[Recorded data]
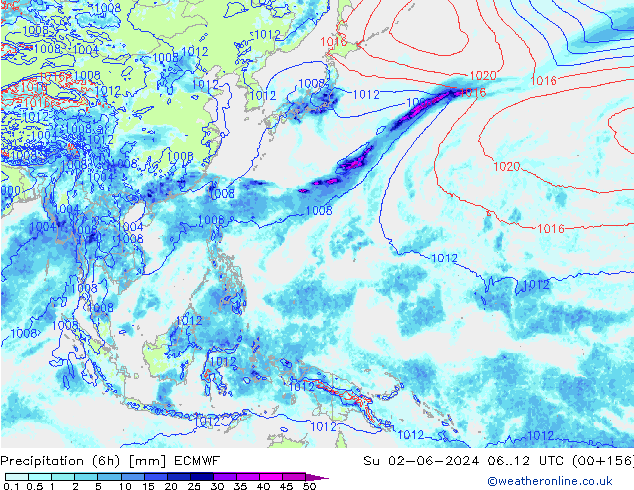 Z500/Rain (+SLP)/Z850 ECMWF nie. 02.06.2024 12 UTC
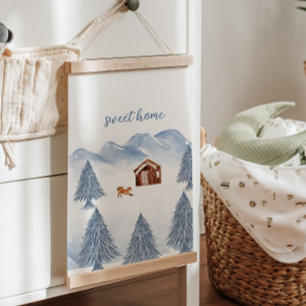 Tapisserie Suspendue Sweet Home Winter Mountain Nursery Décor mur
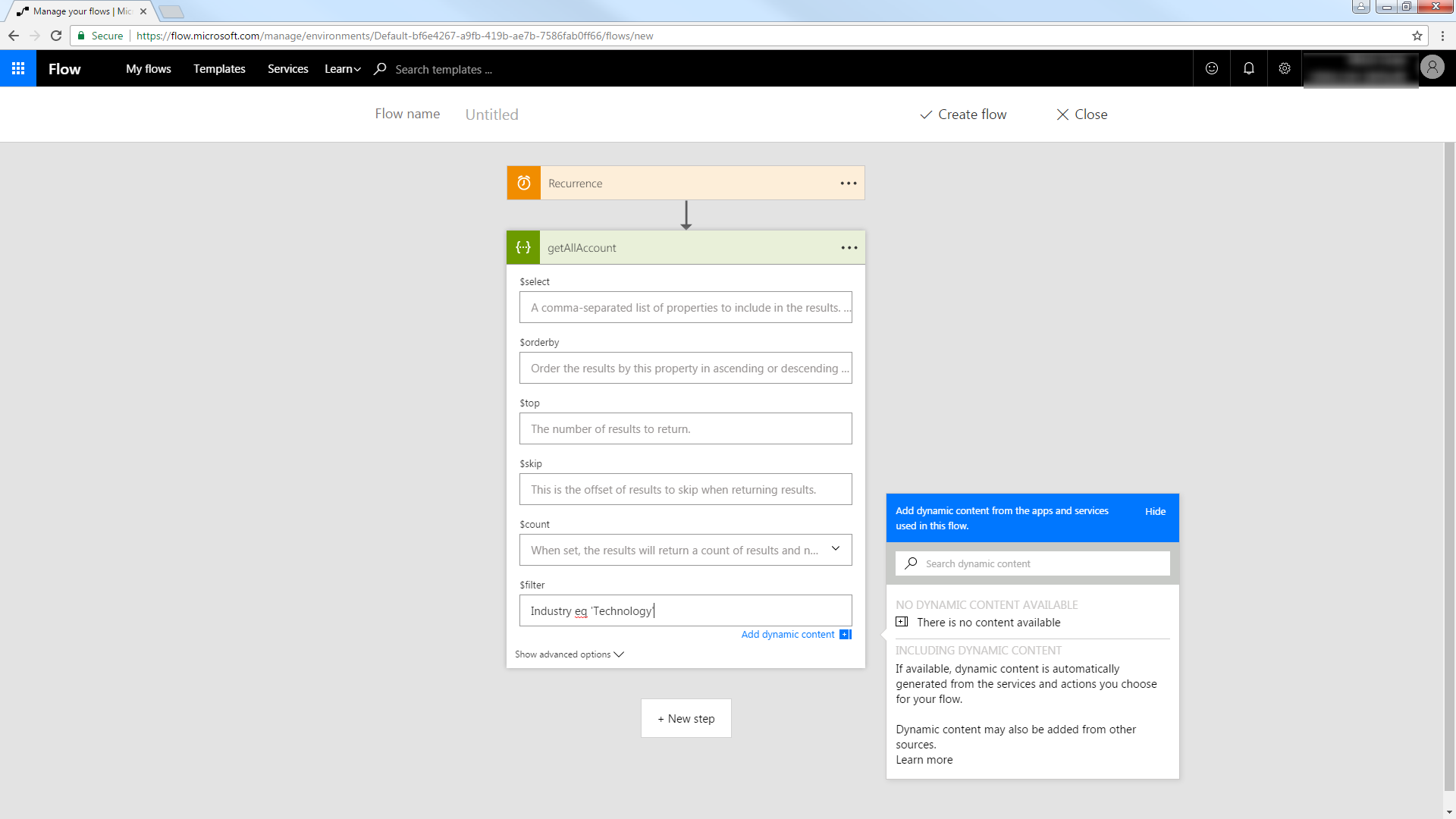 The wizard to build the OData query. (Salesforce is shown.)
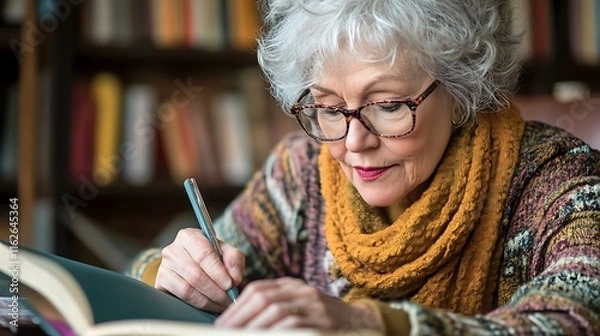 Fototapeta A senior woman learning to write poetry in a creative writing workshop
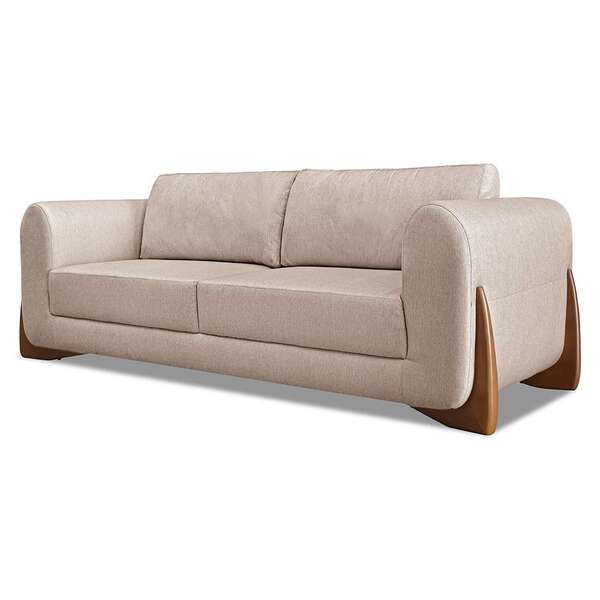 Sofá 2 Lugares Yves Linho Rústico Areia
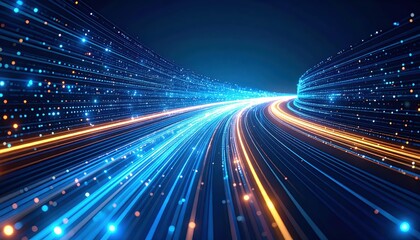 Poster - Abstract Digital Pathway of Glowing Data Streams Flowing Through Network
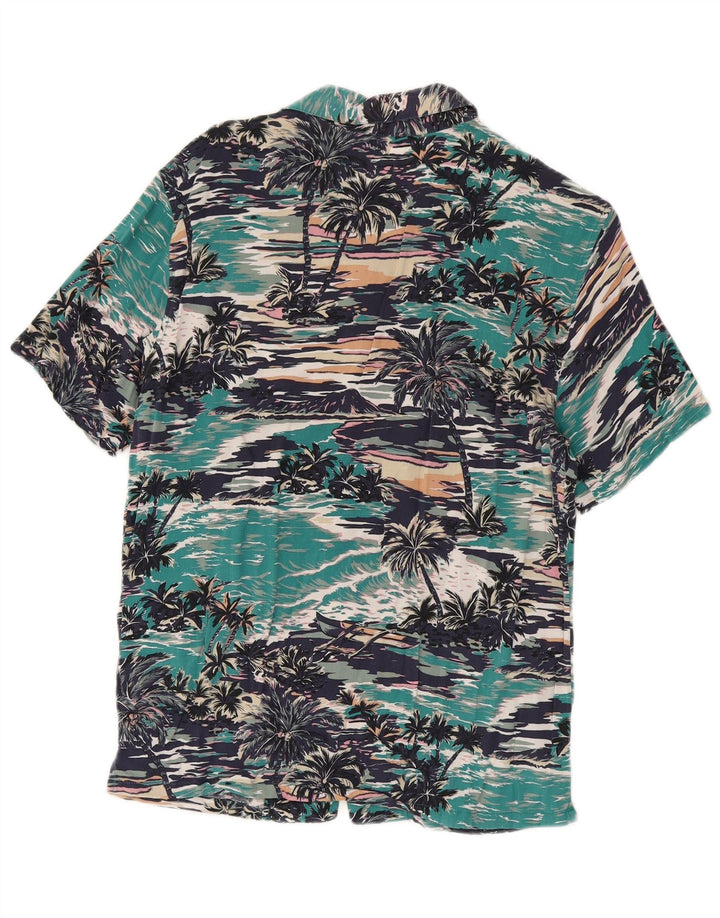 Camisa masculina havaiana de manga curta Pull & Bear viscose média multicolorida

What needs to be done |
Output exactly, and only, the lines running from the line containing "Poster - Abstract" to the last line of the entries above, omitting the pictures.

Solution to this exercise |
 Poster - Abstract Digital Pathway of Glowing Data Streams Flowing Through Network
 Camisa masculina havaiana de manga curta Pull & Bear viscose média multicolorida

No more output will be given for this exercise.